We finally sat down as a family tonight and read it.

Afterwards, I could almost see my son physically relax.  I told him we would share this with friends and cousins, so they would understand what he goes through more. Anyone he wanted to share it with.  I think it helped him understand what he goes through, too.  You could almost see the relief in his body language.  I have tried to explain it in the past what goes on in the brain during a seizure, but clearly my squiggly lines were not adequate education. I am so thankful people write books like these for families like mine.

Now, where to find one on immune deficiency....



Wednesday, July 22, 2015

The Art of Shoe Shopping

Today, while the older kids were at Backyard Bible Club (thanks to the grace of God - seriously), EW and I went shoe shopping.  She has this way of running and scooting on her bikes that tears off the toes of her shoes.

OLD


She will be 3 in September, but she is the most agile of the 4 kids. I knew last time I bought her shoes, we needed Stride Rite shoes. They have rubber on the tips that help protect it. However, for some reason they only sell them in hot pink.  EW is a ginger.



The older she gets, the worse pink looks on her. I avoid buying pink now, and even though the shoes will go on her feet, it won't match a lot of her clothes if I buy pink shoes. So in March, I bought grey Merrills (they still were lined with pink), and in 3 months, she ruined them.  This is not my first time around the block. She is the 4th kid. All of the other kids, I was able to pass down some of their shoes, and usually I can stretch tennis shoes almost 6 months.  Even her flip flops have their tips worn through. All of her boots were ruined last winter unless I held them back for special days.

So today, when presented with Stride Rite shoes, what were my options? Hot pink and hot rainbow with a lot of hot pink. So we got some seriously hot pink shoes.
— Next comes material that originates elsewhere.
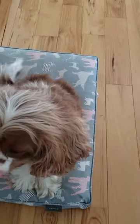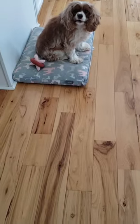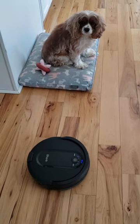Number four: teach your puppy where you'd like them to hang out while the vacuum is on. Heavily reinforce calm behavior on their spot.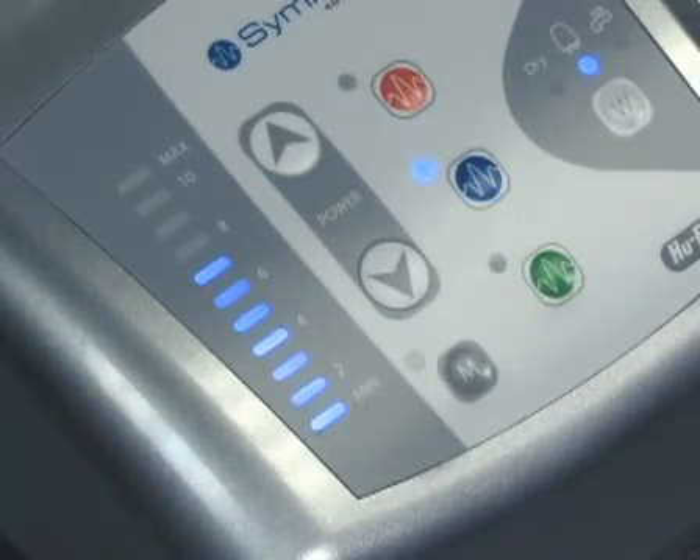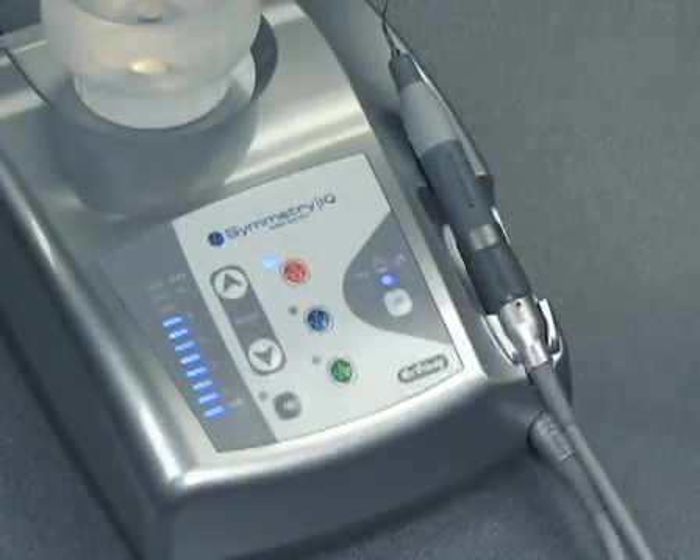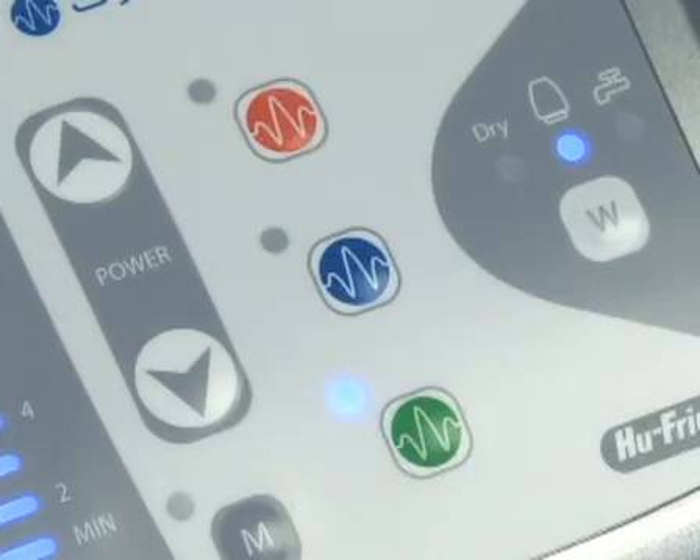Turn on the power switch on the side of the control unit. The front panel will light up. Select the appropriate power mode for your procedure with the green, blue, and orange keys on the front panel.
I hope they last. At least the turquoise matched her outfit today.  That turquoise on the tips? Yes, that will hopefully prevent holes. She tried them on, put her old shoes in the back of the stroller, then immediately got in her stroller to leave with her new shoes on. At least she knows what she wants.  I had to make her wait until I paid for the shoes.

NEW
Wild child. Love her.




Sunday, July 19, 2015

Soaking Up the Blessings

After our huge dose of reality Friday morning, I started off an amazing weekend. If I could guarantee every weekend would be like this, I would look forward to it every week!
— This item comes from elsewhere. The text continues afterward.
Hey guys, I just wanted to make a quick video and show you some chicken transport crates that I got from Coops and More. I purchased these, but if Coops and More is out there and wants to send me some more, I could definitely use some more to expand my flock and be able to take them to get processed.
Friday night was ladies night. These are ladies who have walked through the dark days with me.  Ladies I have laughed and cried with, shared worries and paranoia and research with.  Ladies who have seen me through EVERY diagnosis of LJ.  There are insufficient words to describe what they mean to me. These are ladies handpicked by God to walk with me through this journey.  We laughed, we cried, we ate, and we shared wine. What is not to love about ladies like that?


Saturday we woke to Museum of the Waxhaws' Living History Day and gold panning with the kids.  It was a very hot day, but fun was had by all, and I slipped some homeschool history in. Win-win.






Saturday night was DATE NIGHT!  Date night is always a good reason to be excited about the weekend! We tried a new chicken place, and bought furniture for the new pad!  I felt seriously spoiled.  

Farmhouse style, I love you.





Today we had fellowship with new neighbor friends.  (They are not really new neighbors, we just had not met them until recently.)  They have 2 boys close to our kids' ages, and we found we had a lot in common. We met them at a mutual neighbors' house, and invited them over.  I wouldn't say we knew each other well enough to say they were friends before today, but now, I think we might have found some life-long friends.  

I think my favorite part about this weekend is I spent it with the people I love the most, and met new friends who might also become a part of those precious few. The precious few who you are closest to and support you, no matter what happens. The precious few who love you for who you are.  The precious few who love you as God loves you.